- [WHAT YOU ARE ASKED TO DO]
Within the listing that follows, reproduce exactly the lines starting at the line with "Used 2023 Nissan Sentra SV image 15" and ending at the line with "Modern 1 Bedroom", inclusive, and only those. Pictures are dropped.

- [RECORDS SUPPLIED]
────────

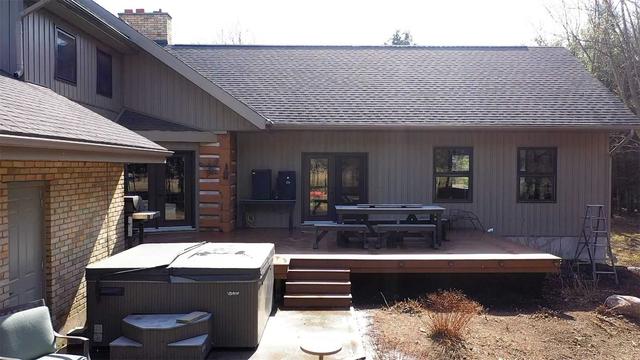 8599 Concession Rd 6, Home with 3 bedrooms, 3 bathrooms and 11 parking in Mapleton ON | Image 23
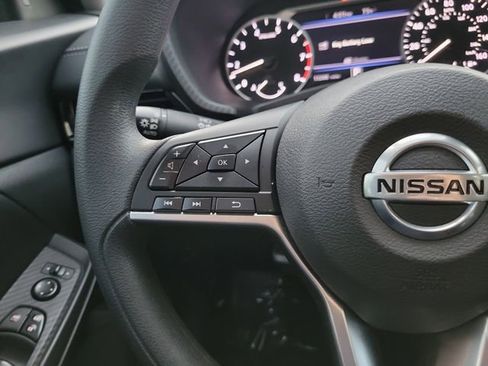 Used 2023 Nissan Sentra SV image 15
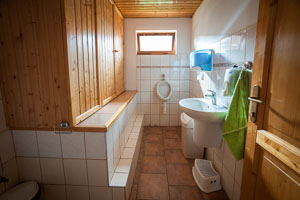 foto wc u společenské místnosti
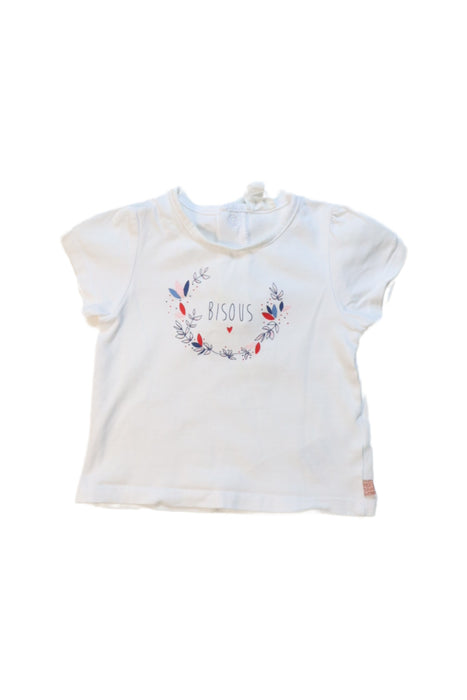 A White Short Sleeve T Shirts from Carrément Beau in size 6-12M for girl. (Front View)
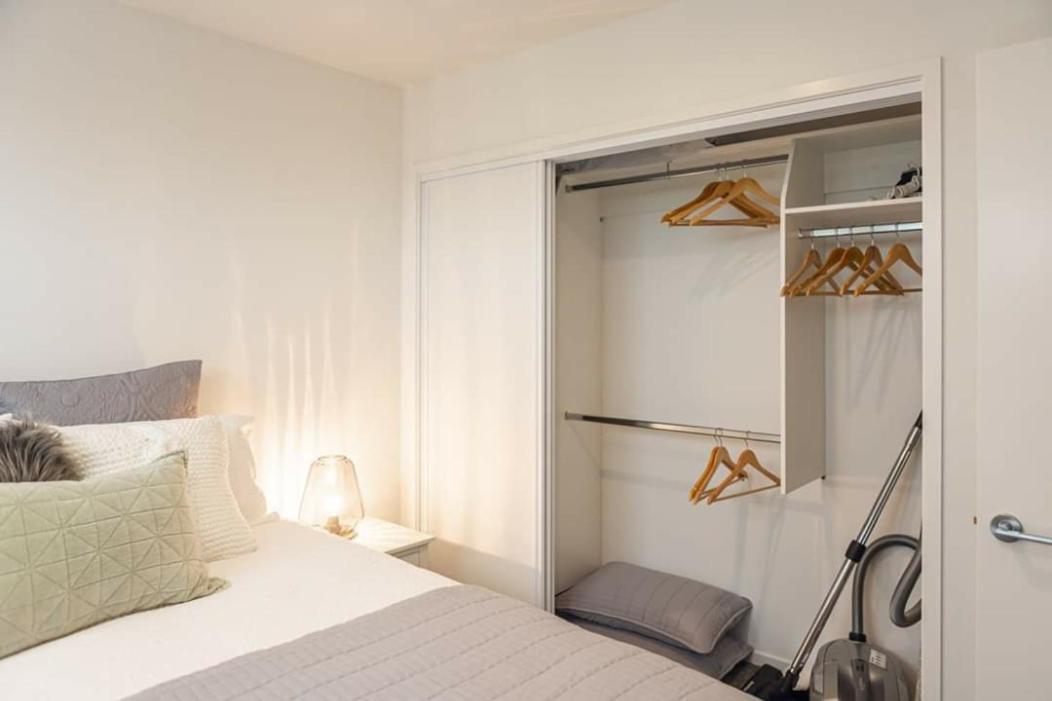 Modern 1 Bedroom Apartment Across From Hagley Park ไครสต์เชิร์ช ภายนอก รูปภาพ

────────

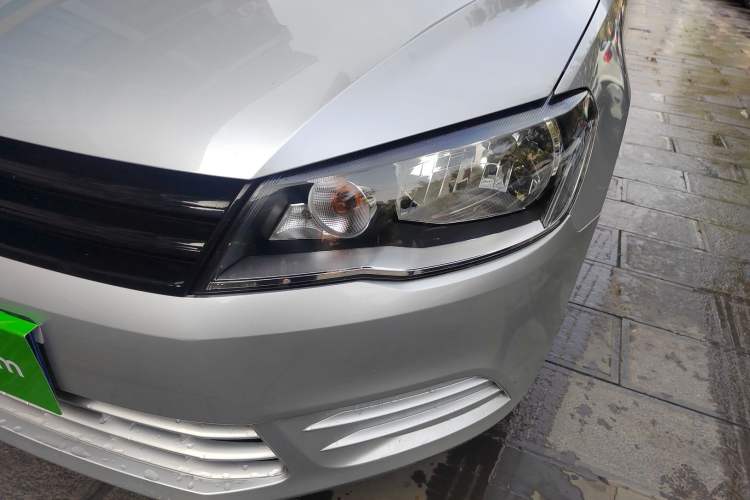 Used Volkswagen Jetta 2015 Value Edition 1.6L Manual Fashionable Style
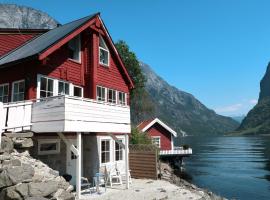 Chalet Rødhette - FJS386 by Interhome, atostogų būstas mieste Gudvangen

────────

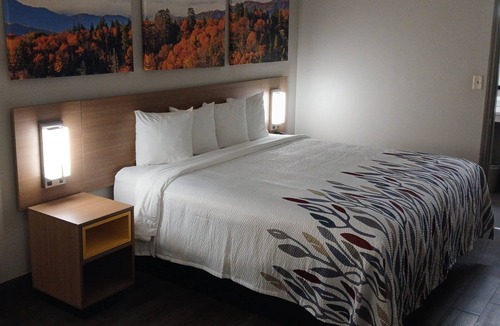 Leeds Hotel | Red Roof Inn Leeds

────────

- [SOLVED EXERCISE]
 Used 2023 Nissan Sentra SV image 15
 foto wc u společenské místnosti
 A White Short Sleeve T Shirts from Carrément Beau in size 6-12M for girl. (Front View)
 Modern 1 Bedroom Apartment Across From Hagley Park ไครสต์เชิร์ช ภายนอก รูปภาพ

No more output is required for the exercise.